そんなバカな!?2000mはテイクオフのレベルじゃないか!それからもう一言「谷風が吹けばコンディションは変わるだろう。」谷風が吹かなければ、タスクは出来ないのか?どうすんねん?良いコンディションばかり期待せず、今ある状況でベストを尽くせば良い。
「集中、集中、、、」いつも通りにテイクオフに上がり準備をする。アンディーヘディガーは少し遅れてきた。現在ランキングトップ。少し緊張しているみたいだ。苦節15年。いままでワールドカップで総合優勝をした事がない。俺がまだ競技者になる前に見たビデオを思いだす。ウリビスマイヤーとアンディ ーヘディガーの特集をTVで放送したものなのだが、その頃、ウリとアンディーは激しい首位争いをしていた。
結局、ウリが勝った。それからしばらく競技には出ていたが良い結果を出せなかった。2年前のアルゼンチンで行われたPWCでオーガナイザーを務め、その後、ワールドカップに顔を出し始め、また再び世界の頂点を目指し頑張り始めた(と、おもう)。そして、今年は順調にポイントを重ね現在にいたる。俺にとっては、彼もウリビスマイヤーと同じく伝説のフライヤーなのだ。
11:00 タスクコミッティー達が(タスクを決める人)動き出した。エアーコンディションは渋い感じだが、それより最終戦という事もあって慎重にタスク を考えている様子だ。
11:45 タスクブリーフィングが始まるはずだったが、20分延長した。かな り慎重になっている。
12:05 ブリーフィングが始まり、ファイナルタスクが決まった。テイクオフし、プランジュをスタートしていつもの小屋を周りシャモニーの街に帰ってきてGrands Montetsを通過しさらに北東に5kmほど行っ たところにあるゴンドラ駅を周って15kmほど北西に戻った所にあるスキージャンプ台を周りゴールするタスクだ。
「過去に経験した全てを思い出し、今持っている力を全てここに置いていこう。やれるだけの事をやって失敗してもいいじゃないか?」チームミーティングでそんな話をした。
13:30 ゲートオープンのはずだったが、少し渋いので15分延長しゲートが開いた。昨日の失敗は、今日の成功につながる。昨日のスタート前の失敗を今日はしない為に慎重に高度を稼ぎプランジュに行った。昨日よりコンディションが良いのでほとんどのパイロットがプランジュのテイクオフの後ろにある岩盤をトップアウ トし高度を保ちながら待つ事が出来た。
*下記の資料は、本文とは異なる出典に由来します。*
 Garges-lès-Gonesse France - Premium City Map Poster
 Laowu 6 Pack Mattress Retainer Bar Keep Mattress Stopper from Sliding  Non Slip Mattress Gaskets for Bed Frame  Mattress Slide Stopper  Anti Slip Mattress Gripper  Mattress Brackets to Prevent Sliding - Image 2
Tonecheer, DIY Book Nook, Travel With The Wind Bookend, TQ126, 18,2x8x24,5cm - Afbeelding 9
扇澤さんは、いち早くトップアウトしていて誰よりも高い位置にいた。みんな足並みがそろった頃に、スタート10分前になった。エアースタート(空中からスタートする事)前は、一番緊張する瞬間だ。スター トは、高い位置で切った方が後々有利になる。少しでも高く、時間ぴったりにスタートの位置につくにはどうしたらベストか?俺は時計を見ながら「スタート3分前にこの岩盤を離れスタートしよう。」と、決めていた。
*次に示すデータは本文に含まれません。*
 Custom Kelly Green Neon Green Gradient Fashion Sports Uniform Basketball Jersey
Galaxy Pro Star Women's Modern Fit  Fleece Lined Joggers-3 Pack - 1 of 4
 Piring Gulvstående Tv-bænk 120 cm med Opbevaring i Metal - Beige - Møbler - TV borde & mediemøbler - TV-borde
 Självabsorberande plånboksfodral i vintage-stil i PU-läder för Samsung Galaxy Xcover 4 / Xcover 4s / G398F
14:30 エアースタートした。これは、もちろん、オーガナイザーが決めた時刻なのでみんな一斉に動き出した。 俺は、計算通りぴったりでスタートした。しかも、良い位置だ。少し遅れているもいるぞ。スタートの後、大半の選手は真っ直ぐ次のパイロンを目指したが、俺は一旦山に戻るようなかたちでパイロンを目指したのが良くて、真っ直ぐ組は高度ロスが大きく失敗した様子だ。
俺より高い位置に、フランスのパイロットが3人いる。「あの位置で行ったら楽だろうな。」しかし、今は前進あるのみ!昨日の経験から、このまま行っても問題ないのだ。小屋に着いた頃に、真っ直ぐ組が少し下方で上げ渋っているのが見えた。「俺の考えは、正しかった。」小屋のパイロンを周って、また真っ直ぐプランジュに戻りそこにあったサーマルには見向きもせずに次のポイントに入り上げ直しをした。
「今日は、トップ集団が見える位置だ。」 さらにペースを上げたい所だが、冷静さを失うと痛い目にあう。慎重に。ベストポイントはどこだ?適度に上がったところで、次のポイントに入る。バリバリ乱気流帯を抜け、いつになく低い高度で到達したがすぐに上がった。「もう少し、、、」緊張度は、高まるいっぽうだ。
そこに、アンディーヘディガーがいた。ほぼ、総合優勝が確定しているのだが今日は決めるつもりだろう。おれも、そのつもりだぜ!昨日と違うのは、トップパイロットに会っても「ついて行こう」と思わないところだ。俺は俺の飛びをする。
Grands Montetsのサーマルポイントに着いた頃に、トップ集団はようやく2600mまで上げ直してパイロン方向に行こうかという時だった。「ワンレグ、約10分の遅れだな。よしよし。」俺も速いが、トップ集団も速い。何故か、このポイントのソアリングは不得意なのだ。なんでだろうか?ここで、何機かに抜かされてしまう。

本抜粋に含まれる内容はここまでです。